On February 25, the White House convened a conference on environmental stewardship and climate change with leaders of religious communities from around the U.S. There was a noticeable absence of panelists representing some groups, such as the Native Americans, the Jews and the Buddhists. There were references to God's Earth and Creation as unifying concepts throughout the event although such concepts are not universally accepted by all religions. Still, the event was highly significant in the consensus it conveyed: The climate is simultaneously an environmental, social justice and moral issue that requires urgent action. The White House is to be commended for convening this timely gathering to mobilize support from faith leaders to address the deepening climate crisis.
The event highlighted President Obama's Climate Action Plan which focuses on cutting carbon pollution in the U.S., preparing the country for impacts of climate change and leading international efforts to combat global climate change. The statistic that in 2012 U.S. carbon emissions fell to the lowest level in two decades, "even as the economy continued to grow," was reiterated as a sign of progress in the right direction. There was an exhortation to embrace a bottom-up approach to climate protection throughout the event. Faith based leaders were encouraged to motivate their congregations to participate in the ENERGY
Although the White House event on February 25 could not provide room for deeper investigation of issues underlying climate change and environmental stewardship, broader views and discussion are essential. Can climate change be addressed from the bottom-up without top down change in the political-economic system? Moral stewardship of the environment cannot be limited to the faith-based actors. What are the moral obligations of big business, the dominant actor in the contemporary world?
Sustainable development cannot be achieved without changes in the prevailing patterns of economic growth. Shouldn't corporations using technologies and energy that harm the environment and human well-being be required to include ethical, social and environmental criteria in their decision-making? Shouldn't the financial sector that was bailed out at the tax payers' expense be challenged to invest in economic production that promote both green technologies and livelihoods for people?
Moreover, sustainable development cannot be achieved without changes in the prevailing 'way of life'. Impacts of climate change cannot be averted by strengthening roads, bridges and shorelines and improving fuel economy standards and advanced technologies alone. It is necessary to question excessive use of private transportation and encourage efficient public transportation alternatives.
The U.S. cannot claim to lead international efforts to combat global climate change without significant policy changes. The United States never ratified the Kyoto Protocol and at the Copenhagen Climate Summit in 2009, the industrialized countries led by the U.S. failed to agree on a binding agreement on carbon emissions. The 19th Annual Meeting of the United Nations Framework Convention on Climate Change in Warsaw in November 2013 also failed to secure a binding agreement to limit emissions from any country including the U.S.. The U.S. would need to make serious commitments showing the way to other industrialized countries, when a new climate treaty is to be signed in Paris to replace the failed Kyoto Protocol in 2015.

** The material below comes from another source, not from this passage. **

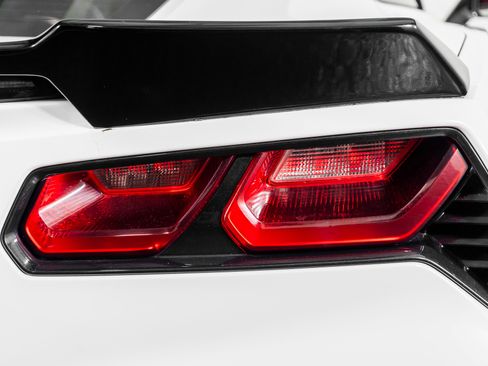 Used 2014 Chevrolet Corvette Stingray Coupe image 13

The controversial Keystone XL pipeline was not mentioned by the speakers at the White House event on February 25. Approval of the pipeline would significantly expand oil sands production, increasing greenhouse gas emissions and intensifying threats to environmental sustainability and human well-being, particularly the health and livelihood of indigenous people in Alberta. As the anti-pipeline critics point out, short term needs of corporate growth and U.S. economic competition with China should not dictate approval of the Keystone pipeline. March 7 is the deadline for Secretary of State John Kerry to finalize his recommendation to President Obama on the Keystone pipeline, which is the last step before the President's final decision. The approval of the Keystone pipeline will make a mockery of the administration's efforts to reduce carbon pollution and its potential moral leadership in climate protection.

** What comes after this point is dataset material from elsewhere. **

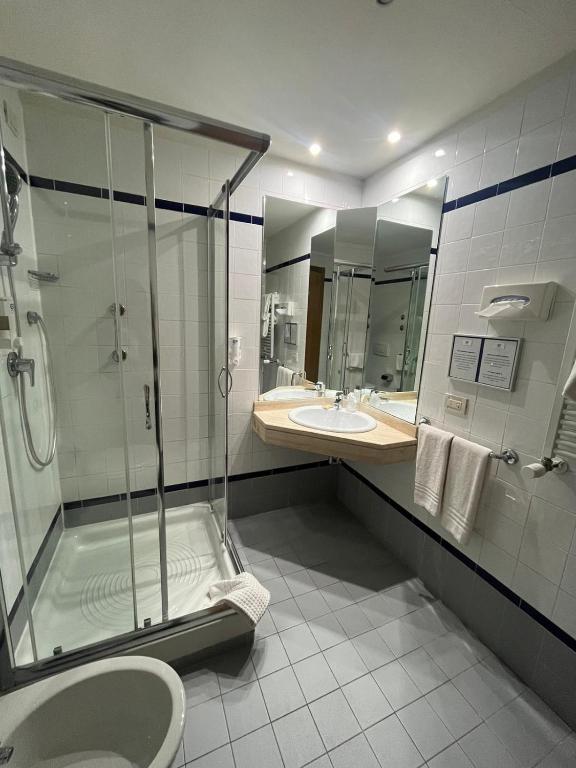 Kúpeľňa v ubytovaní GP Hotel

While the government is confronted with political and economic challenges in addressing climate changes, the non-governmental civil society sector is making rapid and important strides. One important initiative in this regard is the emerging divestment movement. Faith based organizations are a leader in this effort. In the past, faith leaders and organizations played pivotal roles in the civil rights and social justice movements in the U.S. as well as in the global movement to end the apartheid system in South Africa. Similarly, they are now playing a leadership role to shift financial investments away from fossil fuel companies and reinvest in institutions that support clean, renewable energy technologies. Religious institutions, some of them represented at the February 25 White House event, along with many colleges, universities, cities, counties, and other civil society organizations around the country are now divesting money from fossil fuel companies. The White House can utilize the moral authority and participatory democracy represented by citizen and faith based organizing to forge a partnership with the business sector to protect the climate, the environment and human communities at this critical time.